The 1964 Buick is what the Yanks call an A-body, which is their mid-size offering. If it was a Chev, it would be a Chevelle, but I gotta admit, I kinda like the Buick styling a lot more
To make it happen, Ron used Shane Hudson from World Classic Muscle Cars in Kawana, Queensland. “The whole car was built in the one suburb, one little sleepy town on the Sunshine Coast,” Shane says. “The only thing that wasn’t done here was the electroplating, all the chrome work.” That’s probably more to do with the local council not wanting all those nasty chemicals in the area than anything else.
It’s quite a long car, but a lot of that length is behind the rear wheels for an extra-large boot – good for at least three dead bodies
As you can imagine, ’64 Buick Specials aren’t exactly thick on the ground, and Ron spent a lot of time looking, eventually turning up what he thought was the perfect candidate: a super-low-mileage little old lady’s car in bog-stock condition – as in it was stock as a rock and had plenty of bog in it. But the car drove beautifully and only showed 24,000 miles on the clock, which Shane believes to be correct. “I took it for a drive and it went like a dream,” he says. “I pulled it apart and it looked good – and then we blasted it. Oh my God, it was a mess, an absolute mess. The nana who owned it just drove by feel and parked with all four corners of the car. Like all cars, at one stage in their life they’re worth 1500 bucks; flog ’em and bog ’em – that’s how they were treated when they were worth nothing.” Now all these cars are worth something, people go to town on them doing full rotisserie rebuilds!
There’s no mistaking this for anything other than a Nelson Racing Engines twin-turbo donk, with that distinctive billet ‘alien’ intake that’s been polished to a mirror shine
With the body blasted back to its bare-naked shell, it was clear the car needed some serious work. The floors were shot, the boot floor needed replacing, one of the quarters needed a lot of work and the sills and doors were pretty rooted too. The good news was, the car was complete and had all of the trim pieces and interior, which was just as well, because the aftermarket on these is pretty much non-existent; most people prefer to restore the more upmarket Skylark models. A mountain of time and effort went into fixing all of the stainless and anodised aluminium pieces, including the grille, which is cast aluminium and took a lot of work to get looking brand new again.
Underneath all that plumbing is 427ci of small-block Chevy goodness that makes over 1600hp and 1600lb-ft of torque! Below 3000rpm it’s pretty docile, with a little over 500hp on tap, but after that – hold on!
Given the planned motor for this car, the stock chassis was going to need a fair bit of work to get up to scratch, so Shane got busy with the welder: “They’re a full-chassis car, but we’ve boxed and cross-braced it, ground out all the original welds and re-welded everything. We’ve probably added six-to-eight rails and braces to it, there’s nothing in them, they’re very light. Compared to a Holden ute chassis, they’re probably half the weight. I could pick it up and put it on the car trailer myself!”
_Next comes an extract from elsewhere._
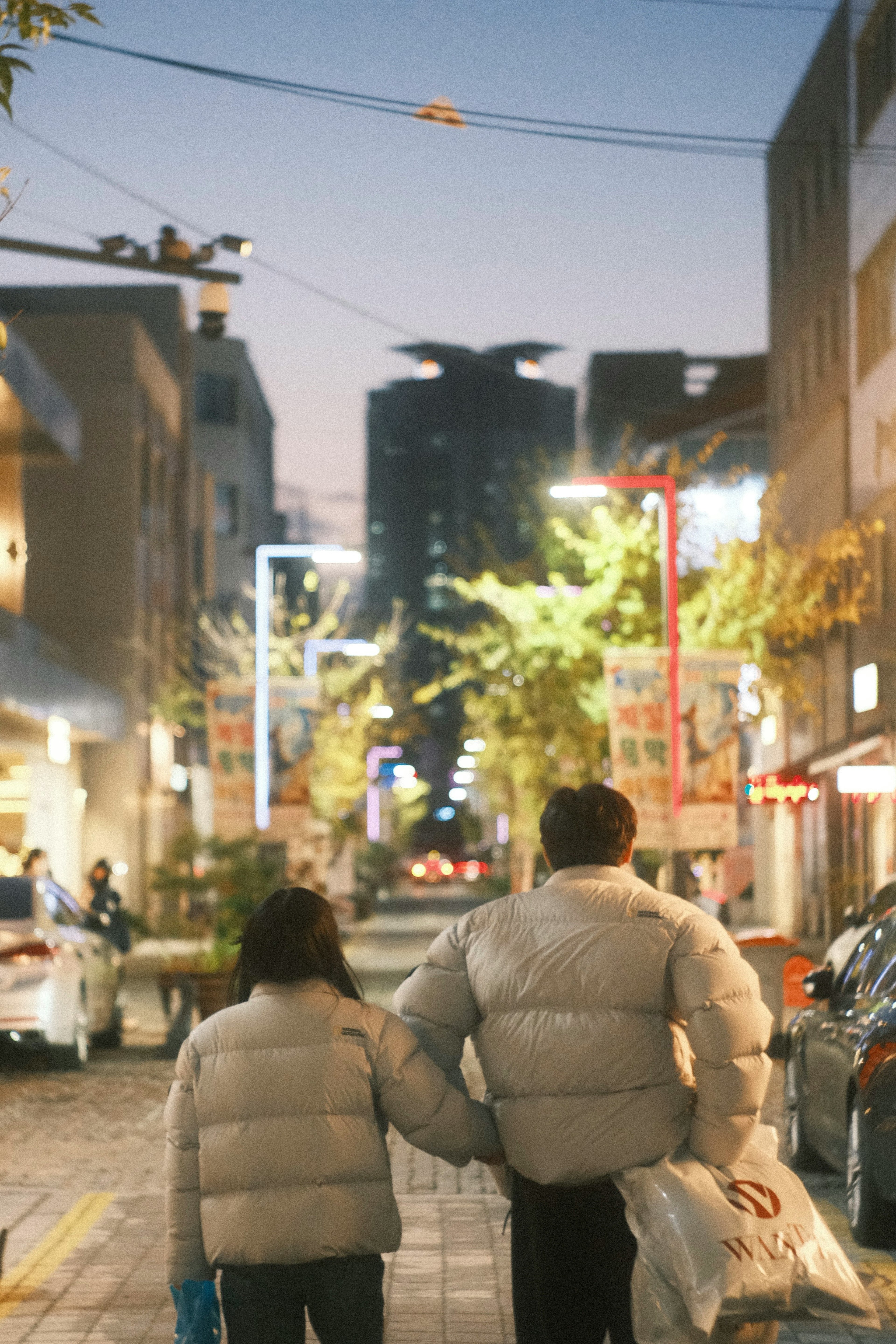 Two people in casual puffer jackets walking hand in hand down a street at night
With this much hardware to package under the bonnet, it gets pretty busy in there. The intake snakes its way up between the serpentine belts and radiator after the hot turbocharged air has made its way through the intercooler
It’s probably about time we talk about the engine, and those with a keen eye may have spotted that intercooler poking out just under the front bumper and guessed there’s a turbo or two tucked in the engine bay – bingo! Pop the unmodified bonnet and you’re greeted with a snake-pit of exhaust pipes, turbo plumbing and braided hose – most of it highly polished. Underneath that unmistakeable intake manifold is a 427ci Nelson Racing Engines monster. Now those horsepower figures start to make sense.
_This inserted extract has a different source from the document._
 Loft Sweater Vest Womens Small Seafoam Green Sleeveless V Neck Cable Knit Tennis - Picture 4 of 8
Feeding the beast is a mixture of high-octane pump fuel and an even higher-octane C14 race fuel. The NRE intake is a pretty clever bit of kit designed to run twin fuel rails and 16 injectors: “It runs on pump fuel, but once it sees around 12psi of boost the second fuel system kicks in and runs C14,” Shane says. “There’s two tanks – the standard tank with pump fuel and a separate one with the C14.”
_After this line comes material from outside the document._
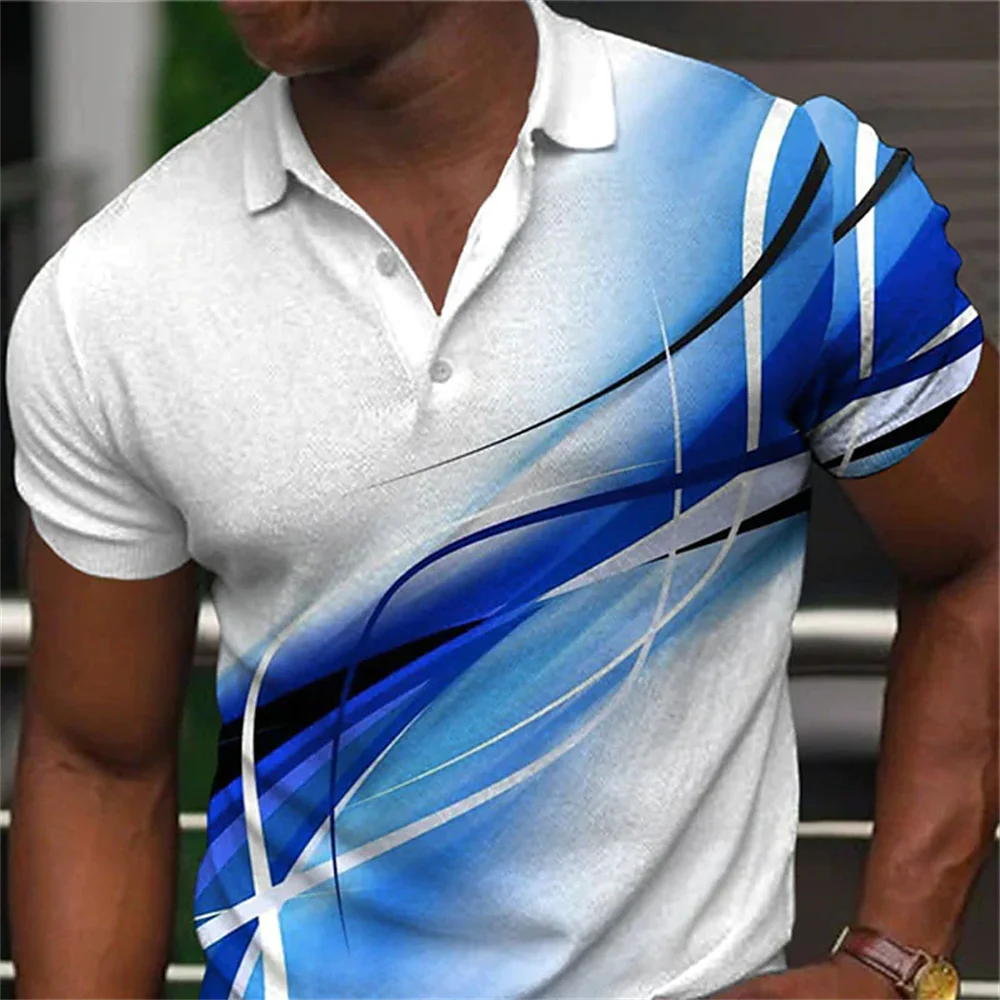 Summer Men's Polo Shirt Color Short Sleeve Tshirt Mesh Breathable Comfort Lapel Tops Tee Fashion Striped T Shirt Men's Fashion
The wheels are a modern update on the classic Magnum 500, which made its way onto most 60s muscle cars regardless of the marque. The billet versions on Ron’s car measure up at 17x7 and 17x9 – not massive by today’s standards, but the car hasn’t even been mini-tubbed
Those 1600 horses were achieved with 36psi, but the car is fitted with a boost controller and you can set it to 3psi if you want. Even at that piddling amount, the engine is still making somewhere around 500hp.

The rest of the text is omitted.